Work instruction:
Nothing should appear in the answer except the lines below from the line containing "this 800×600 image." through the line containing "this 845×633 image.", copied exactly, with pictures left out.

----- Records for processing

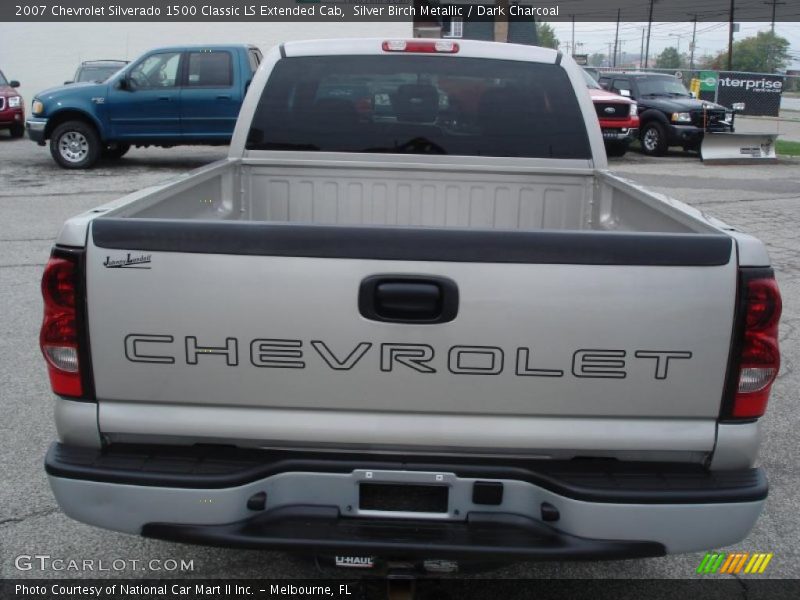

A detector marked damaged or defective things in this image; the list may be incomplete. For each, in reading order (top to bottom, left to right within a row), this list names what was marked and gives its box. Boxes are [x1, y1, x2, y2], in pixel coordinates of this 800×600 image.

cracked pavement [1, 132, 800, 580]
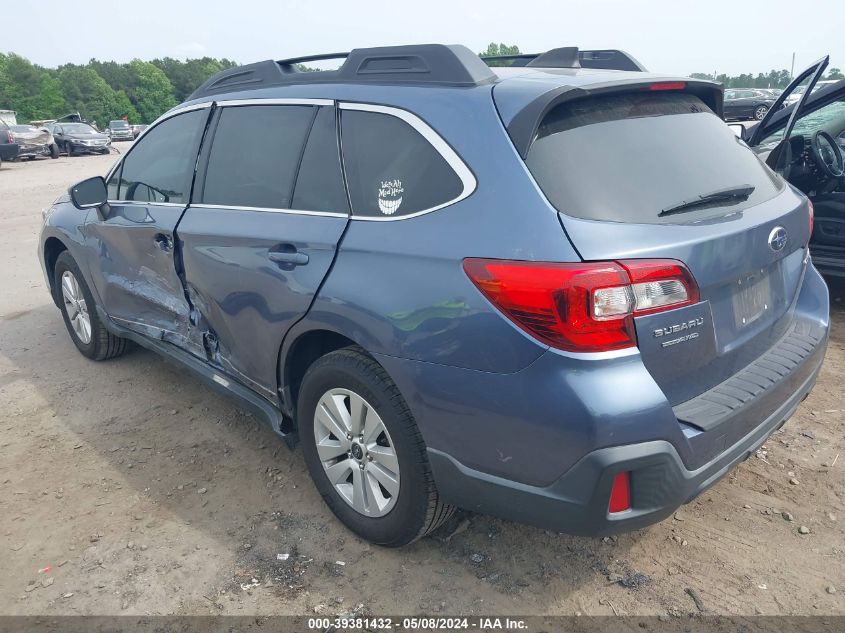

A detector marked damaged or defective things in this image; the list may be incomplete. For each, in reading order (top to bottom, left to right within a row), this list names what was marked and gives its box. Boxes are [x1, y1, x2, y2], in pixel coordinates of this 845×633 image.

----------
----- Records for processing

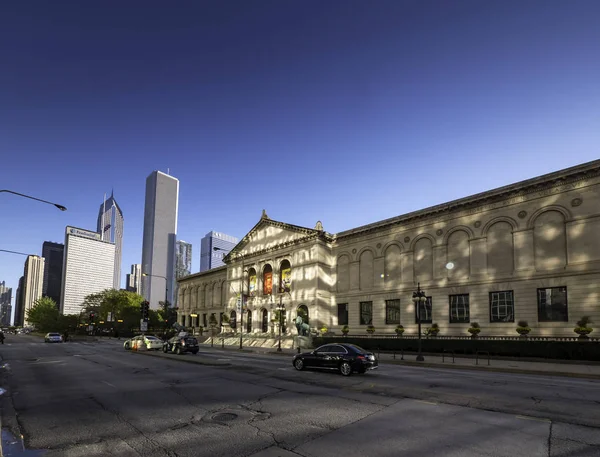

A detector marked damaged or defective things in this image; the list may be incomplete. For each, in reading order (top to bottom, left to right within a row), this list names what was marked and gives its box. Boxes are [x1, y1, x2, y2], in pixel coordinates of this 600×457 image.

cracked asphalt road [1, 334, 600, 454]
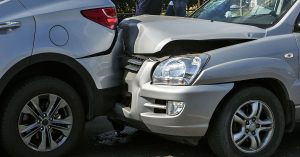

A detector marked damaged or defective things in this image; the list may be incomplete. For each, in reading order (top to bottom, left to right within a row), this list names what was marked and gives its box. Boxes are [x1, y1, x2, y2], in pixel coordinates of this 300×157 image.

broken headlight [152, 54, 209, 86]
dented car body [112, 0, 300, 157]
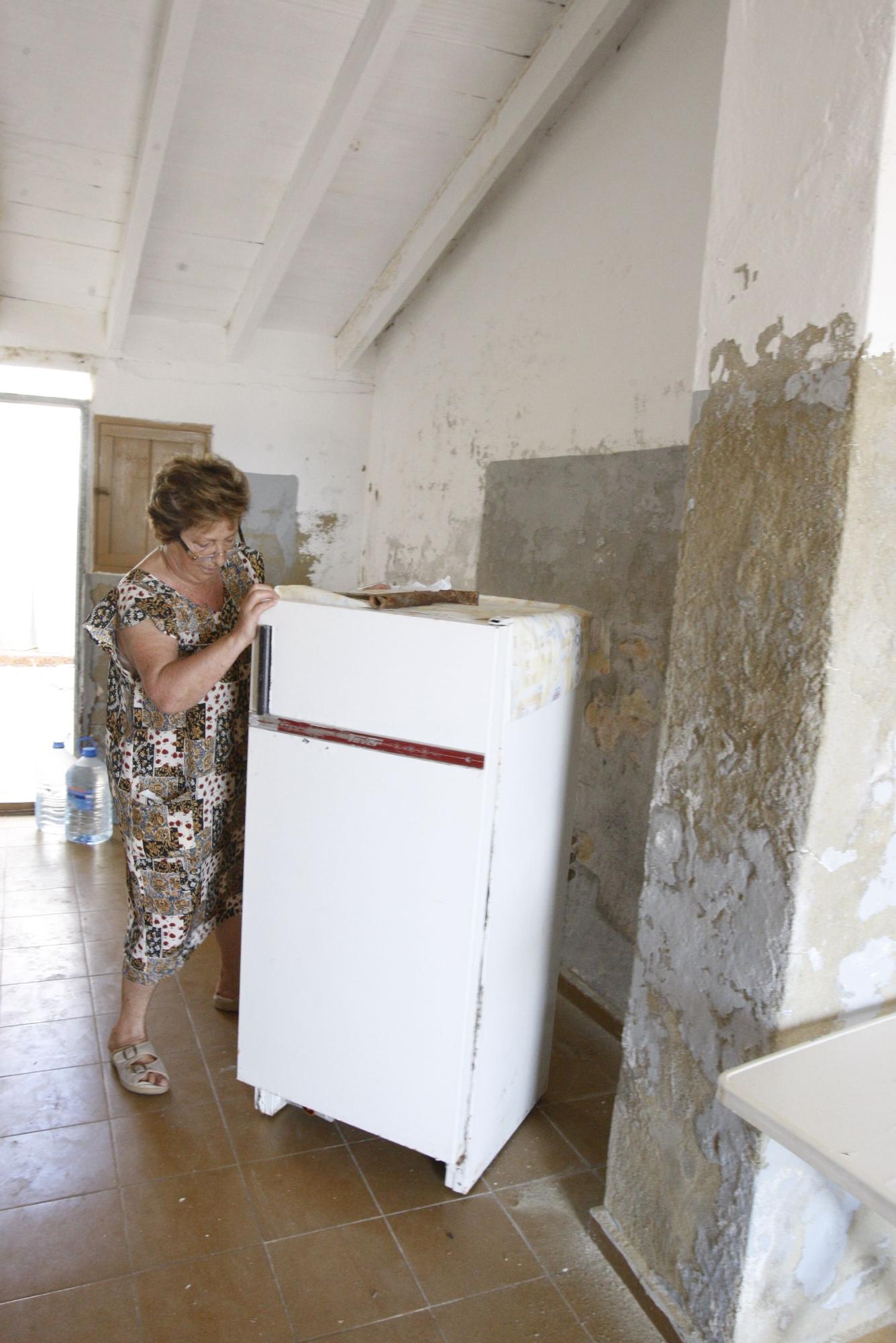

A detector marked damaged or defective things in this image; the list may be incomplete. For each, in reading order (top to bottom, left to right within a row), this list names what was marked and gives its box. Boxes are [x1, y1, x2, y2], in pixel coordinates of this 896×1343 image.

----------

Response below:
A detector marked damaged or defective things in this image; the list may be incomplete. For each, in reading order (top to bottom, left to right within a row), this list names what was marked and gives its box. Boxes are [x1, y1, x2, y2], in pixel coordinates of this 800×600 image.

cracked pavement [1, 132, 800, 580]

A detector marked damaged or defective things in this image; the list may be incomplete. For each, in reading order (top to bottom, left to right within a row), this list names what was marked and gives its box. Boxes are [x1, y1, x2, y2], in pixel coordinates of this 845×633 image.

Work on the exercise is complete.